Ecommerce sites routinely collect data about their customers—names, email addresses, passwords, credit card numbers, and so on. This is sensitive data that can cause much harm if it gets into the wrong hands, and holding such data puts your ecommerce site at high risk of cyberattacks. In fact, according to SonicWall’s biannual report, the ecommerce and online retail industry saw a 264% surge in cyberattacks in 2021.
Your customers are not the only ones at risk either. Ransomware attacks can easily bring down your online store and lead to a loss of revenue until you pay hefty ransoms.
With the risk of such attacks happening at any time, it is important to implement strong security measures to protect your site and your customers’ data. One of the best ways to do this is to perform regular security edits on your ecommerce site.

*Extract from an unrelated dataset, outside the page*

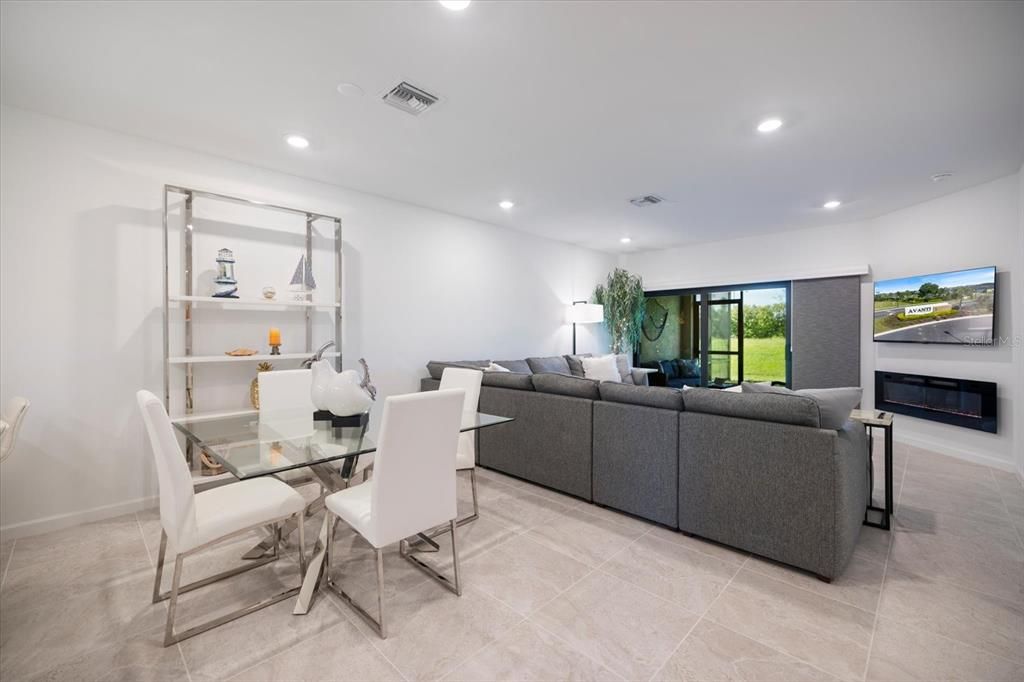 待售: $420,000 (2 贝兹, 2 浴室, 1466 平方英尺)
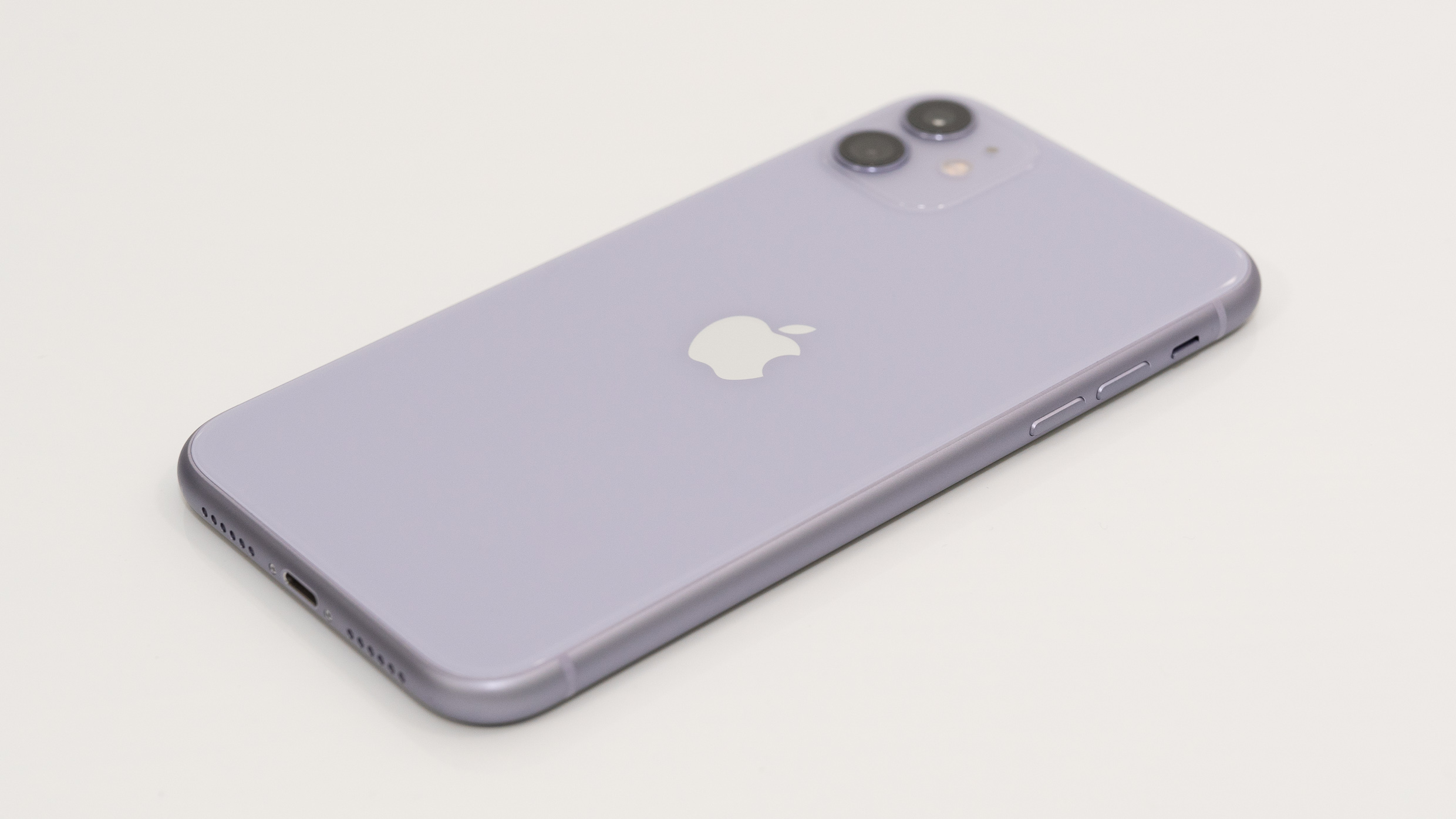 iPhone史上初の「紫」登場、iPhone 11のパープルが想像以上に良い色。 | ガジェットショット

In this article, we’ll look at how to audit the security of your ecommerce website. But first, let’s understand what a security audit entails.
What Is an Ecommerce Site Security Audit?
A security audit is the process of evaluating all elements of your ecommerce site to identify potential vulnerabilities and loopholes that someone could use to attack or exploit the site. The aim is to fix any identified vulnerabilities before they’re used against you.
Below are eight key actions you need to take during a security audit for your ecommerce site.
1. Run a Security Scan
The first step in a security audit is scanning your ecommerce site for errors, malware, outdated software, and other common vulnerabilities. There are several tools that you can use to do this that will give you a report highlighting each identified vulnerability and its threat level. Some also provide tips and recommendations on how to address identified vulnerabilities.
2. Check Your Homepage for Unexpected Changes
Any changes on your homepage that you have not implemented yourself could signify a potential intrusion. Watch out for unexpected redirects, pop ups that aren’t yours, and changes like text or images you didn’t put on your homepage. If you notice anything like this, you need to take a deeper look into your site and identify where these changes originated.
3. Check Whether You’re Collecting Unnecessary Data
Every ecommerce site collects some information about its customers. However, not all of this information is always necessary. For instance, your customers’ names and email addresses are essential. However, there’s no need to collect customers’ payment details when using a payment gateway to process payments.
By collecting such information, you’re responsible for protecting it, yet it doesn’t add any value. To minimize your security risks, avoid collecting any data you don’t need.
4. Check Whether You’re Using a Secure Platform
Your chosen ecommerce platform has a significant impact on your site’s security, which is why choosing a reputable platform like Volusion is crucial. Changing your ecommerce platform can be quite a hassle, so this is something you need to get right from the very beginning—when first starting your online store. You should go for a platform and hosting provider that has best-in-class security protocols, regularly updates its software, and constantly monitors its networks for breaches and malware.
5. Check Whether Your Software Is Up to Date
Outdated software is highly vulnerable to cyberattacks. Therefore, you should regularly check your online store and ensure that you’re running the latest versions of your CMS, themes, plugins, extensions, modules, and other software. The updated versions usually have security patches against all known vulnerabilities at that point, so keeping your software up-to-date is a great way to protect your site.
6. Ensure That Your Website Is PCI Compliant
If your ecommerce site accepts credit card payments, you must ensure PCI compliance. Not only does complying with PCI standards help secure transactions, but it also helps you build customer trust. If your site is not compliant, many customers will have qualms about typing their payment information on your site. This affects your checkout experience and can lead to lost sales. Additionally, if a breach happens and your ecommerce site isn’t PCI compliant, you risk paying hefty fines and penalties.
7. Evaluate Your Site Traffic
Your traffic patterns are a good indicator of what is happening on your site. For example, if you experience a spike in traffic, this could indicate that your investment in your SEO strategy is paying off. Similarly, a sharp drop in traffic could indicate a problem, such as a Google penalty.
Sometimes, traffic patterns can warn you of an impending or ongoing attack. For instance, if you notice a considerable increase in traffic, yet there’s no clear reason behind the spike, this could signify a botnet attack. If you see any changes in traffic patterns that you can’t explain, always take a closer look. The change could be caused by an attack.
As an ecommerce site owner, you’re responsible for your site and your customers’ data. With attacks on online shopping sites becoming increasingly common, it’s important to perform regular security audits to identify potential vulnerabilities and fix them before someone exploits them.
Regularly run security scans on your site, watch out for any unexpected changes on your homepage and traffic patterns, and avoid collecting unnecessary data. You should also ensure that you have a secure ecommerce platform, regularly update your software, and ensure that your site is PCI compliant.